When I tried to ask East Jerusalem youths how they explain the murderers’ savagery, they said again and again that it was a natural reaction to the murder (that never happened) of the bus driver.
On Wednesday, contrary to statements from the Israeli government, the entrances to East Jerusalem’s Arab neighborhoods were not blocked, not even in Jabel Mukaber, the home of the two Har Nof killers. Traffic flowed out of the village freely, with no delay or check. The only slowdown was near the mourner’s tent the family of the two terrorists put up.
Dozens of cars belonging to people paying condolence calls and journalists crowded the especially narrow street. Here too, the smell stood out – dozens of tear gas grenades, and possibly also the putrid liquid the police use to disperse riots, left their substantial mark on the village’s air.
On Thursday, there were heavy clashes here between local youths and the police, and they will doubtless start against Friday afternoon.

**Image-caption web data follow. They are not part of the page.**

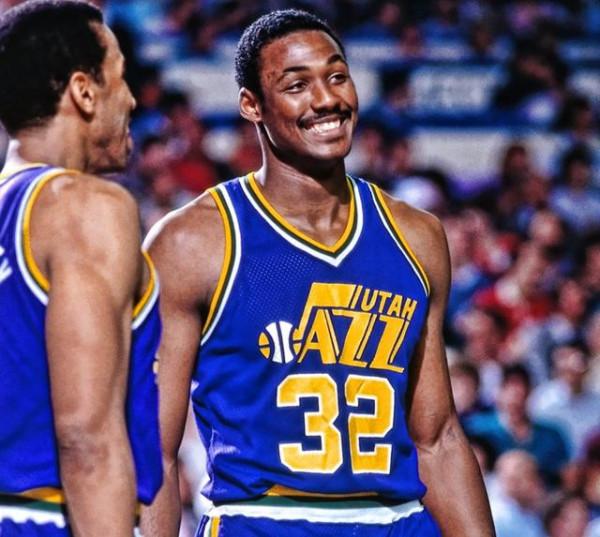 NBA球星拿到三萬分都用了多少場比賽？喬丹和詹姆斯誰更快？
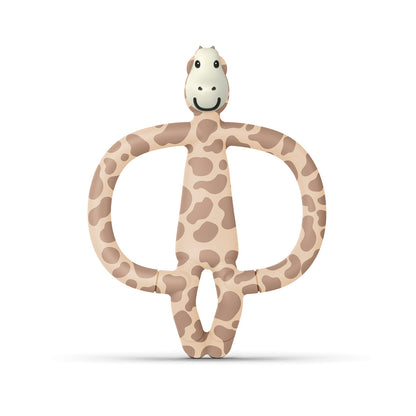 Μασητικό Giraffe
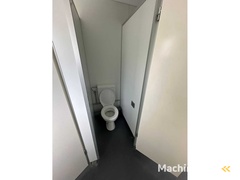 containex-sanicontainer-20-́-container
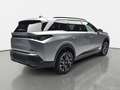 Peugeot 5008 5008 1.2 HYBRID 145 E-DSC6 ALLURE KLIMA LED 7-S DA Grau - thumbnail 4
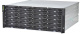 фото Система хранения данных Infortrend EonStor DS 1000 G3 в Уфе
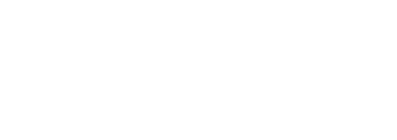 The Farmer's Office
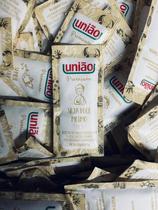 Açúcar União Sache Caixa c/400 Saches Açúcar União Sache Caixa c/400 Saches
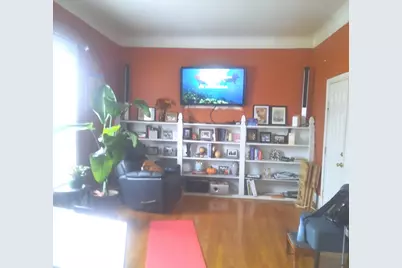 2665 E 77th Street, Chicago, IL 60649 - Photo 18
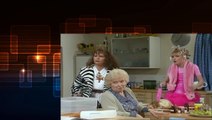 Absolutely Fabulous Se3- Ep02 Happy New Year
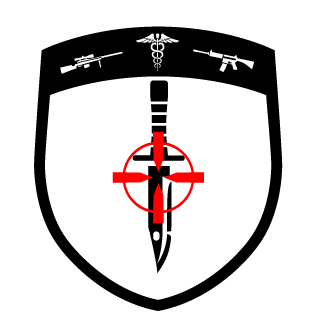 Major_Gabrovski's emblem
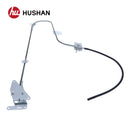 HU-FL5001M-FR-6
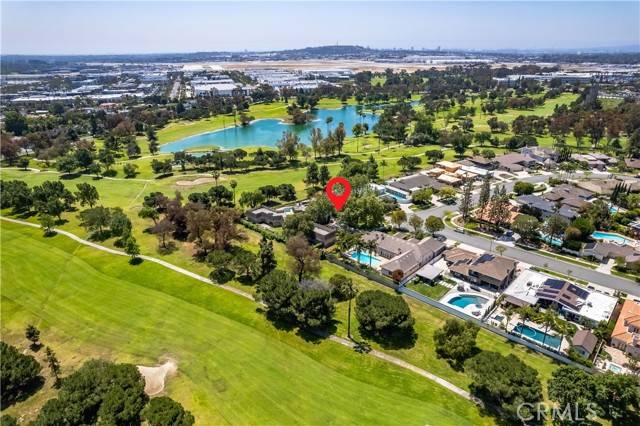 Lakewood, CA 90712,4300 Parkview Drive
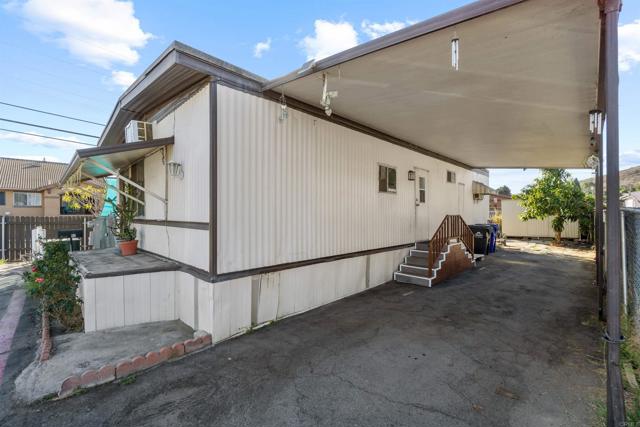 Detail Gallery Image 23 of 29 For 12044 Royal Rd #93,  El Cajon,  CA 92021 - 2 Beds | 1 Baths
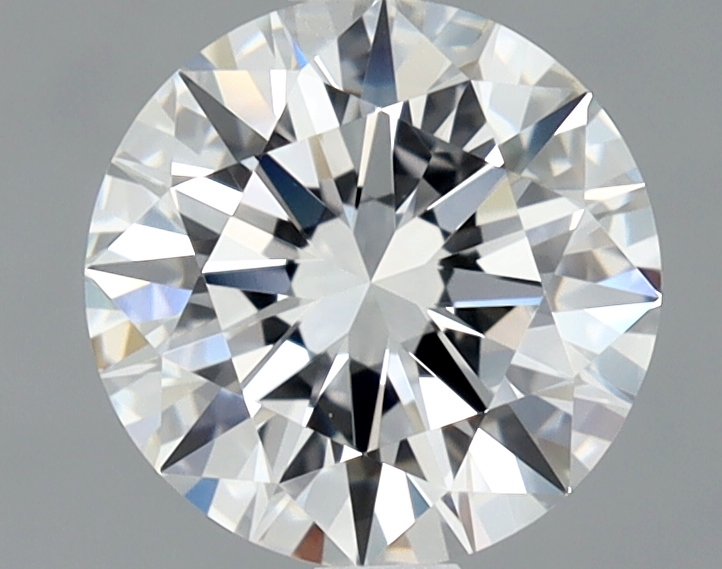 Round 1.2 E VVS1 MED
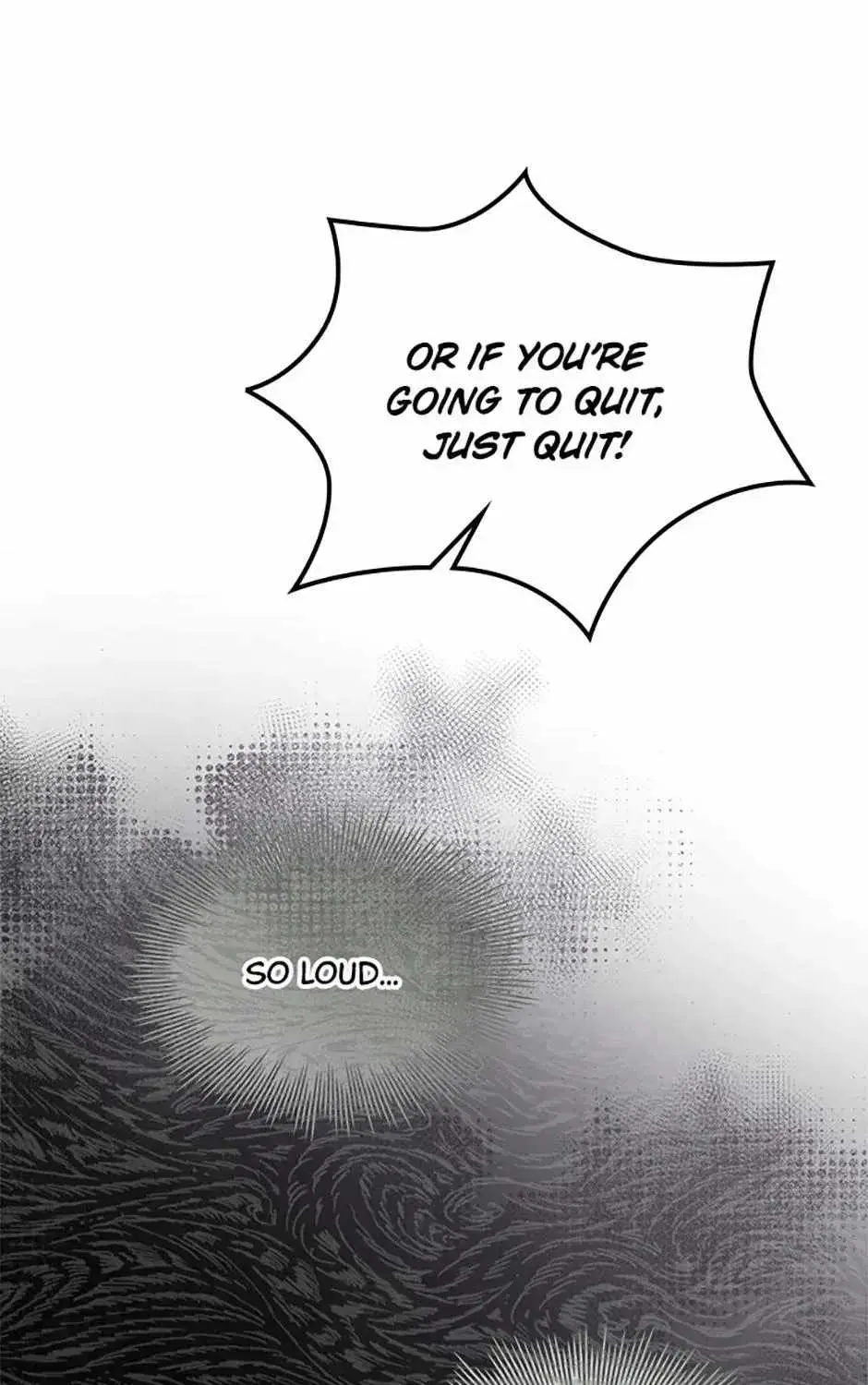 Feeding the Lives of Failing Idols Chapter 84 — Page 30
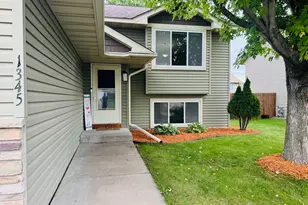 1345 Osprey Ct, New Richmond, WI 54017 - Photo 2
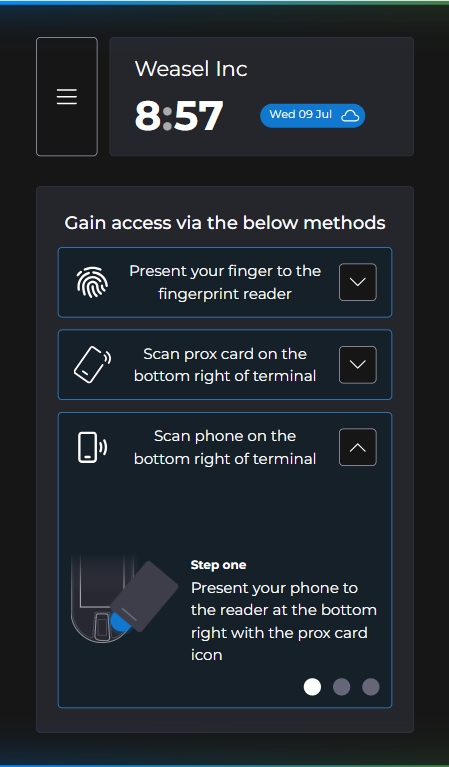 A screenshot of a device
          
          AI-generated content may be incorrect., Picture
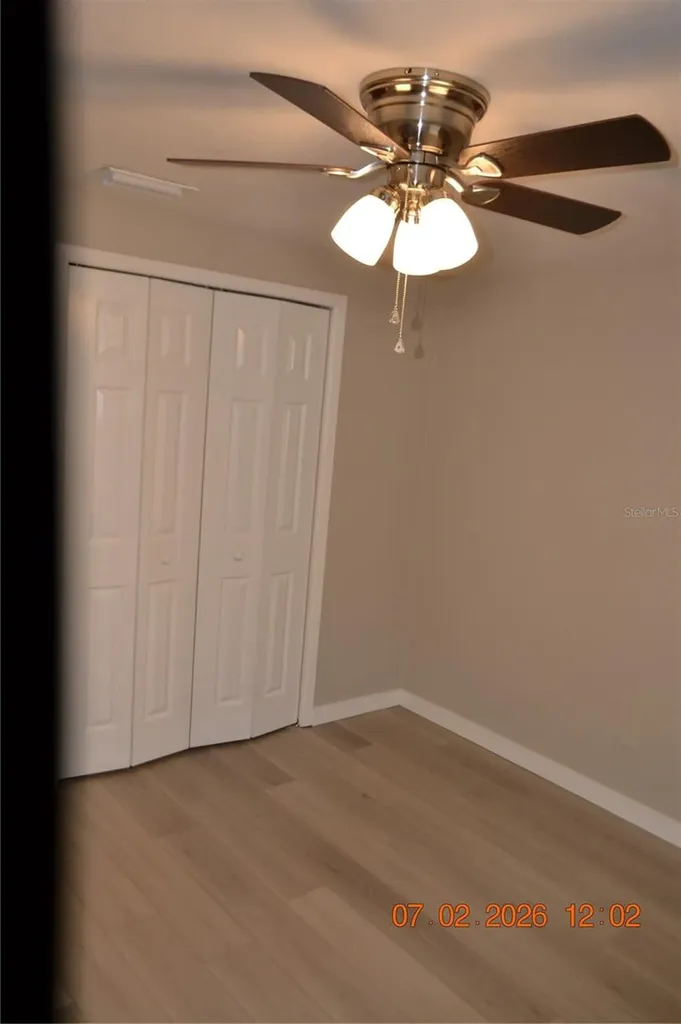 1131 S 70th Street Tampa FL 33619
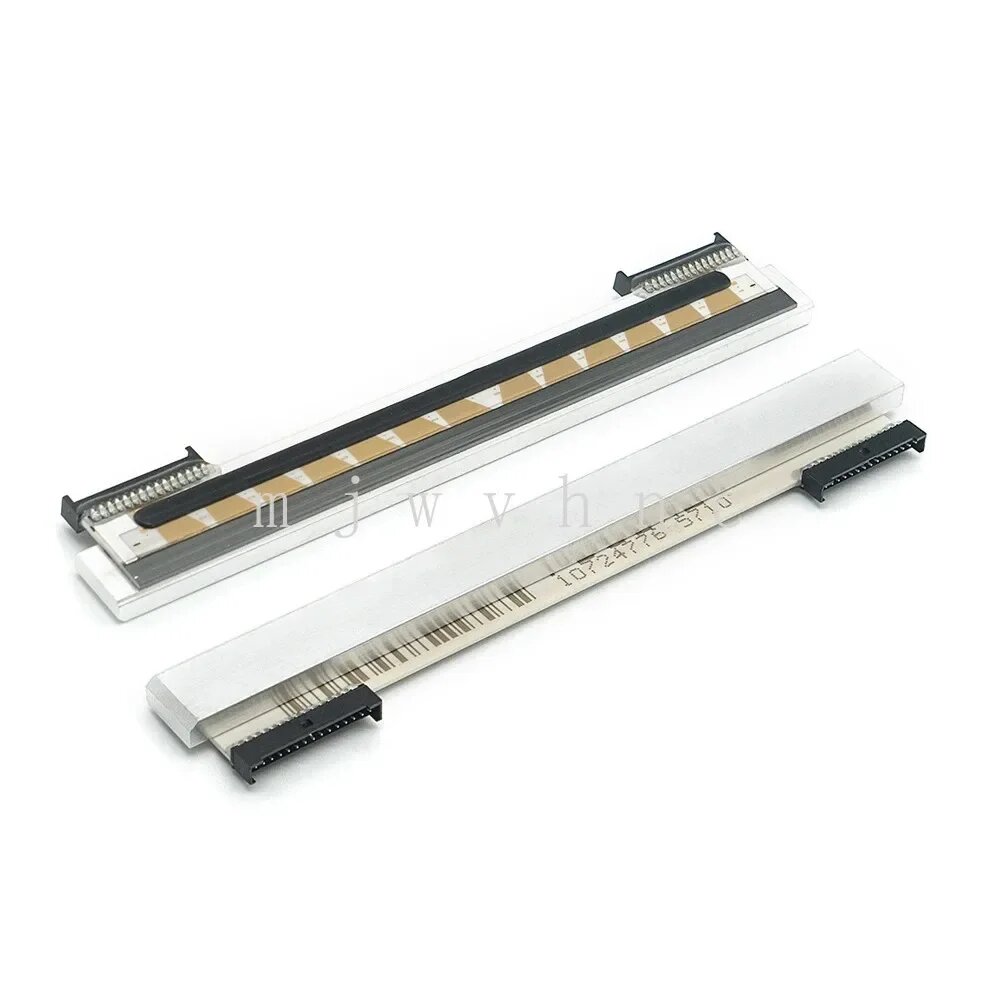 Печатающая головка термопринтера 203 точек на дюйм для Zebra GK420D GX420D ZP450 ZP500, G 105934 -037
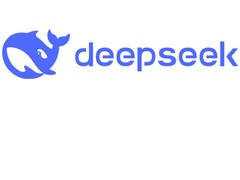 Deepseek apre a tutti l&#039;accesso gratuito al chatbot Deepseek V3 AI LLM. (Fonte: Deepseek)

There were dozens of people in the mourning tent Wednesday. There weren’t especially religious signs or flags of various groups in evidence. Not Hamas, not Islamic Jihad, not even Abbas’s Fatah group.
Uday and Ghassan’s brothers sit with red keffiyehs around their necks, which during the First Intifada, at least, suggested an affiliation with the Popular Front for the Liberation of Palestine. The organization, thought to be strictly secular, hurried to take responsibility for Tuesday’s Har Nof attack, though it is doubtful if anyone there actually gave instructions or even guidance to the terrorists.
One of those in the tent explained to me that “the situation is crap. You allowed religion to take over the conflict. Why did you need the provocations on al-Aqsa? Look at the videos on any cellphone, of women being hit on al-Aqsa. Is this how you behave?”
Next to him sits Nidal Shekeirat, 40 years old. He was one of the few here who did not hesitate to attack Israel openly, and express support for the Har Nof killings. “This attack is a source of pride for every one of the villagers. We praised it, and we are certain that even harsher ones will come. All the villages in East Jerusalem are proud of us now, and we will someday be proud of their sons when they carry out attacks like this. Every youth who becomes a martyr brings honor for us.”
“But they slaughtered innocent civilians,” I said.
“You also slaughtered civilians. You murdered a Palestinian bus driver, you murdered Muhammad Abu Khdeir. You claimed that Abu Khdeir’s killers were crazy instead of imprisoning them for life.” (The suspects are currently facing trial, with the main suspect claiming insanity.)
“You, with the pressure you put on al-Aqsa,” he went on, “created this reality and the harsh feelings among the youth.” (This is a reference to the violence that has swirled around the Temple Mount compound in recent weeks, and the widespread Palestinian claims that Israel plans to change the status quo and allow Jewish prayer at the site. Israel denies this.)
“You are a Jerusalemite, Nidal, you know Israelis, you work for Jews,” I said. “How will this end?”
“The end will be by force. What was taken by force will be freed by force. The Zionists have to give up al-Aqsa and stop the arrests, the violation of women in al-Aqsa. Otherwise, if these things continue, there will be more attacks, and inshallah, they will be bigger.”